─── GIVEN MATERIAL ───

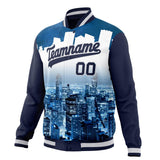 Custom Navy & Navy 3D New York City Varsity Jacket JA01240607CK331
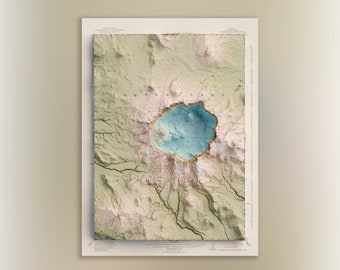 Crater Lake National Park Map (1908 edition) - Vintage Oregon Topographic Shaded Relief Map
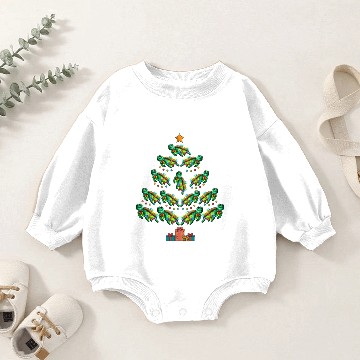 Discover Sea Turtle Christmas Tree Pullover Baby Romper Sweatshirts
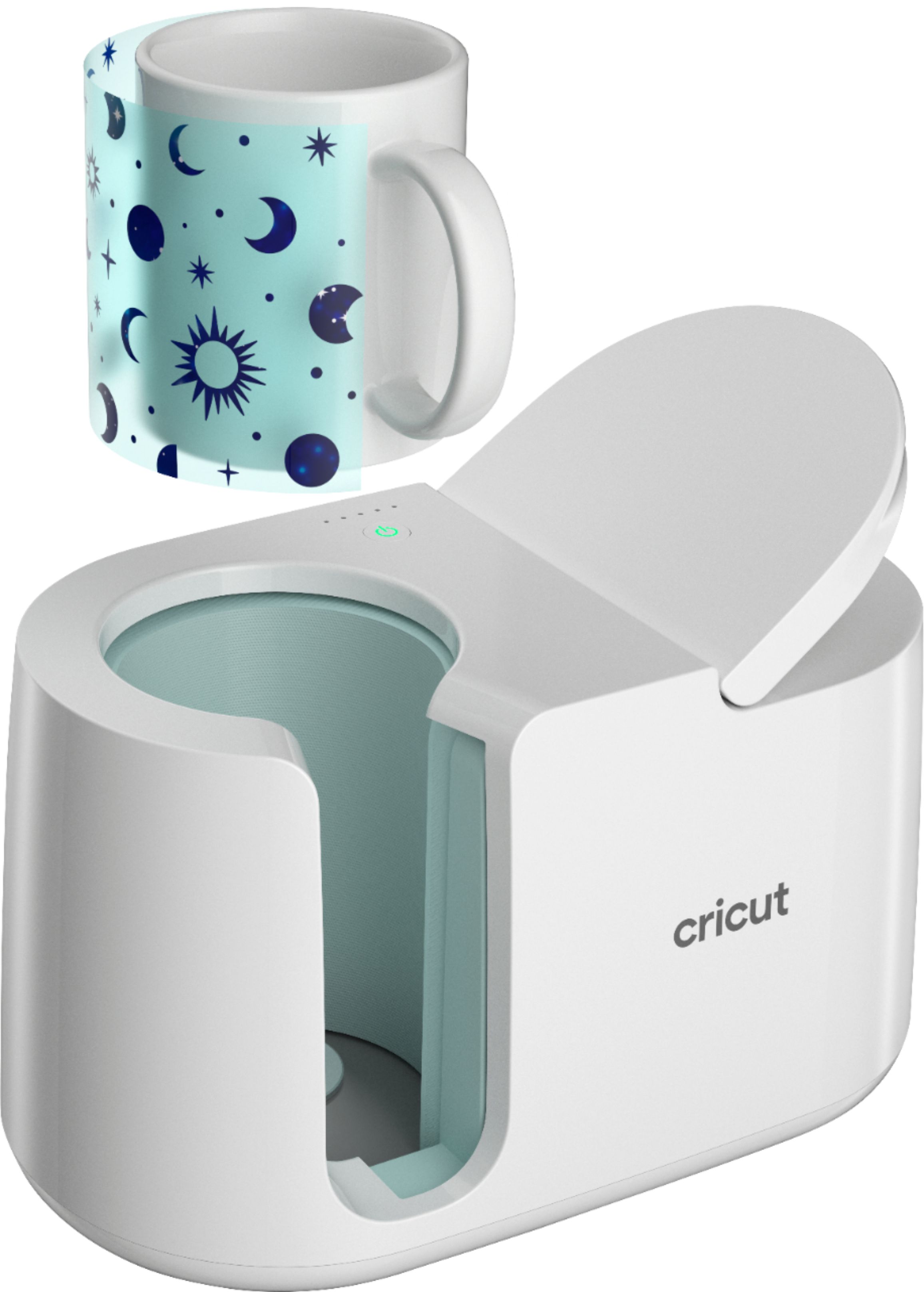 Cricut Mug Press with Mug Blanks, Heat Resistant Tape, Markers, and Distressed Print Transfer Sheets Bundle, White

───

- **EXERCISE DESCRIPTION**:
Take the preceding listing and transcribe it exactly, skipping the pictures.

- **ANSWER AREA**:
 Custom Navy & Navy 3D New York City Varsity Jacket JA01240607CK331
 Crater Lake National Park Map (1908 edition) - Vintage Oregon Topographic Shaded Relief Map
 Discover Sea Turtle Christmas Tree Pullover Baby Romper Sweatshirts
 Cricut Mug Press with Mug Blanks, Heat Resistant Tape, Markers, and Distressed Print Transfer Sheets Bundle, White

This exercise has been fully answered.